I will have to get in on this next year. This year I had so much going on and when I thought about it I was too late. But this would be the best SS ever. For once people that really understand each other and know what we all like. Lord know every year I ask for goat stuff and get everything else and I am like, look people I could spend more money on me if you would knock out what I need for the goats. LOL :slapfloor: :ROFL:


----------



## Epona142 (May 26, 2008)

I've got some nice coffee in my mug right now...mmmm!! It's so nice and big, so now I have a big one to use when hubby steals the only good one we have!


----------



## cdtrum (Aug 25, 2008)

I love my gifts (hand knitted stocking hat, goat soap and the prettiest glass snowflake ornament)......already wearing hat, hubby claimed the goat soap and ornament is hanging in kitchen window, looks so pretty when the sun shines through the window) but no time to take pics and upload right now as my human kids and grandbabies are filtering in for the holidays.....toooo much going on in my house! 

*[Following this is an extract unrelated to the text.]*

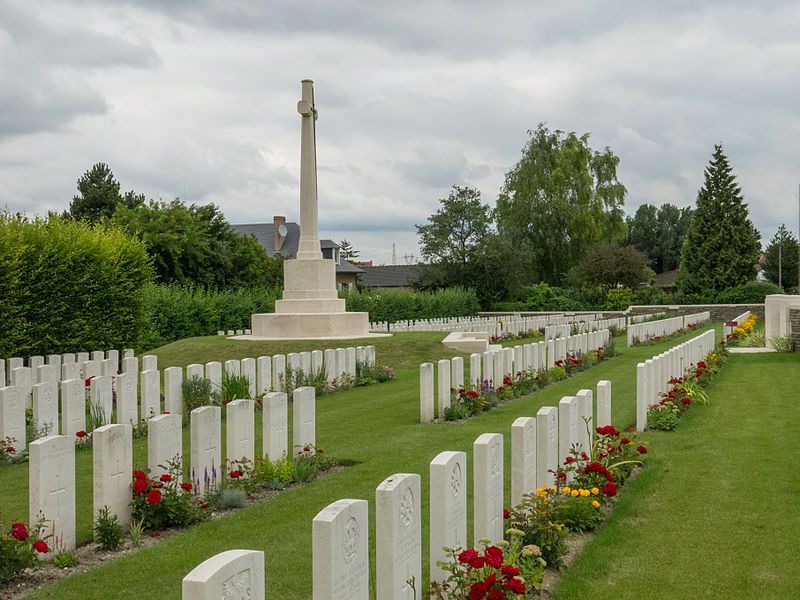 File:Vermelles British Cemetery-17.jpg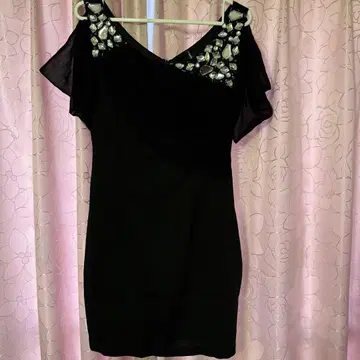 비쥬 장식 블랙 드레스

Take care and MERRY CHRISTMAS TO ALL!


----------



## RunAround (Feb 17, 2008)

Ok, My SS was WAY too good to me. I had lots of fun opening everything and LOVE all of it. :wahoo: :snowbounce: :snowbounce: :snowbounce: :wahoo:


----------



## AlaskaBoers (May 7, 2008)

wow ashley thats alot of stuff! your gonna need to show us what you knit :wink: :greengrin:


----------



## liz (Oct 5, 2007)

Here's mine!! I absolutely love the copper molds.....I already know which one will be used first :wink: And the coffee, WOW...Bold and smoothe! Delicious! Thank you SS!!


----------



## sweetgoats (Oct 18, 2007)

Here is all the goodies I received.


----------



## ProctorHillFarm (May 15, 2008)

Mine came in today- hows that for timing!

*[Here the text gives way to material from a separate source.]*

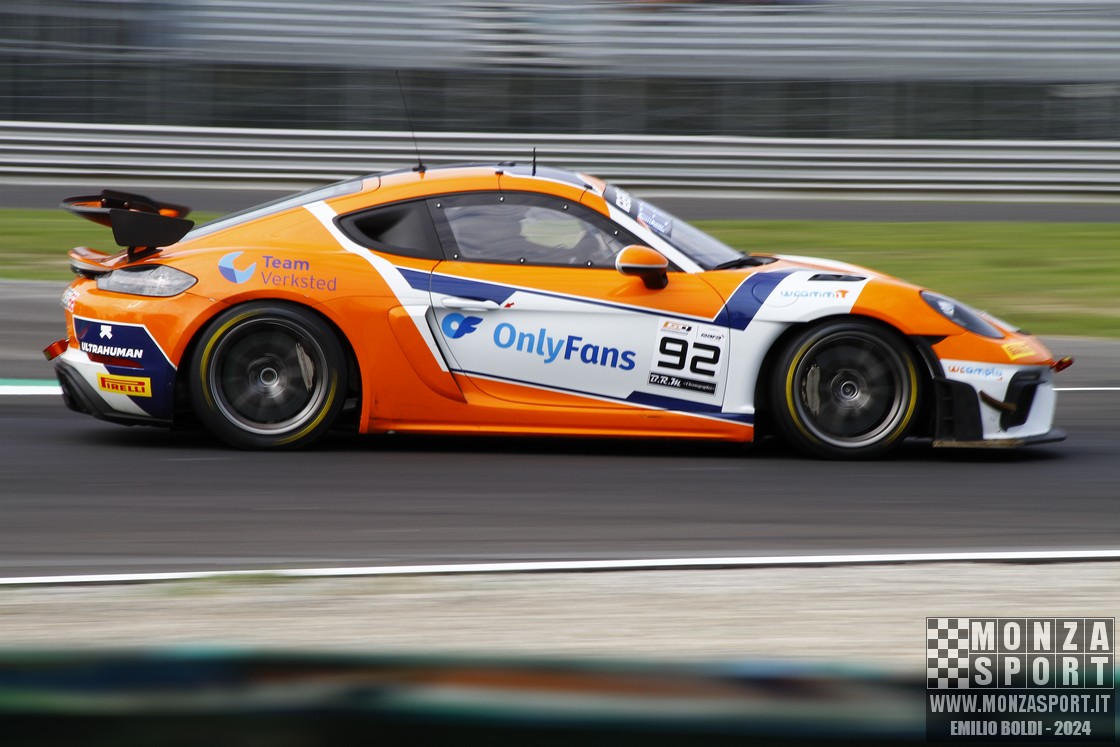 20240912_monza_gt4_5.jpg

I got a really pretty stained glass decoration- it matches my bathroom decorations perfectly to boot! 

Will try to get a picture later- camera is on the fritz!

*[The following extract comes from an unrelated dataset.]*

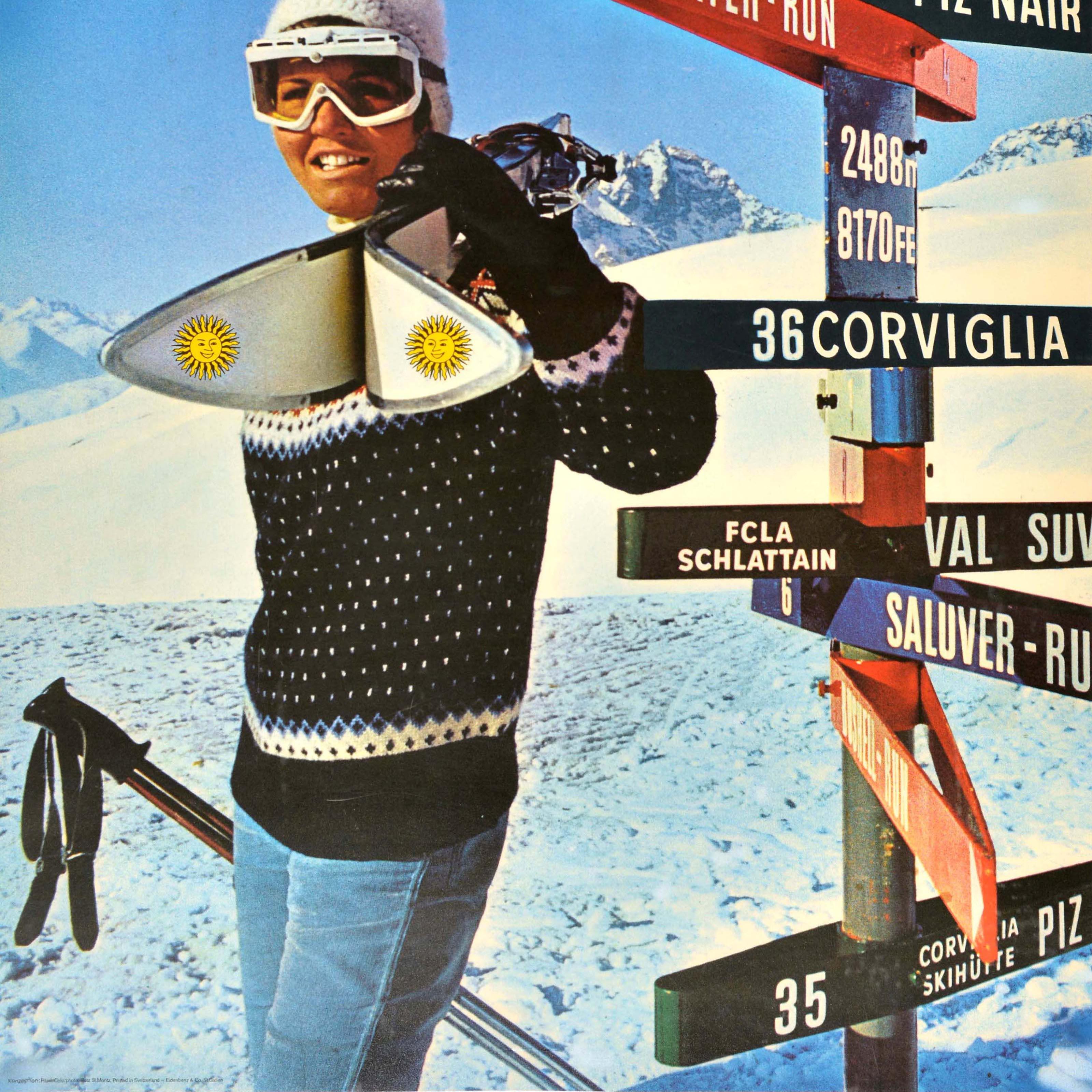 Poster sciistico vintage originale della località alpina di St Moritz, in Svizzera, con uno sciatore che indossa occhiali da sci, un cappello a pompon e un maglione a maglia, con in mano bastoncini e un paio di sci con il logo del sole di St Moritz,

Hoping my SS got their gift ray:


----------



## Idahodreamer (Sep 19, 2009)

I got my SS gift today----WoW! I got a book filled with sayings about dogs *really cute pics*, a soapstone candle holder filled with small candles *my mom made a grab for it when i opened the box* a small decorative plate with wolves painted on it *this goes wi th my lamp! :leap: * and jelly beans *   * and doggie treats I;m gonna go give my doggies right now. 
I will post pics as soon as my dad is off his computer so i can use the webcam....my camera's broken. 
Thanks so much, my SS! 
:clap:

Hope my SS got the present from me today too . . . ray: . hope my SS liked it . . .


----------



## kids-n-peeps (Aug 24, 2009)

Bad weather here and our very long and very icy driveway has delayed some packages arriving at my house, so whoever my SS is, don't fret . . . I'll be sure to post whenever it arrives :wink: 

And although my person already got her gift, I was going to also send her a card with a hint about who I was, but I totally forgot. Still, I would say that there were two clues as to my identity - one on the box and one that connected one of my interests to the gift, but my person would have to be pretty clever to piece it together!!


----------



## Rainbow Meadows Farm (May 26, 2009)

What a wonderful day this was. Received my SS gift :clap: I love it. I got incense cones, a scent diffuser and a star mold for my soap making next year. Earthy scents that I love. Sure will bring the outside in during the cold winter months.
Native American style :dance: 

Also spent the evening with my 4 grandchildren and had a ball. Tomorrow it is gifts for the fur and feathered kids. A nice quiet meal as I watch my goaty girls get bigger with babies.


----------



## Shelly Borg (Nov 2, 2009)

I got it!!! I walked down to the mail box one more time and it was here!!! 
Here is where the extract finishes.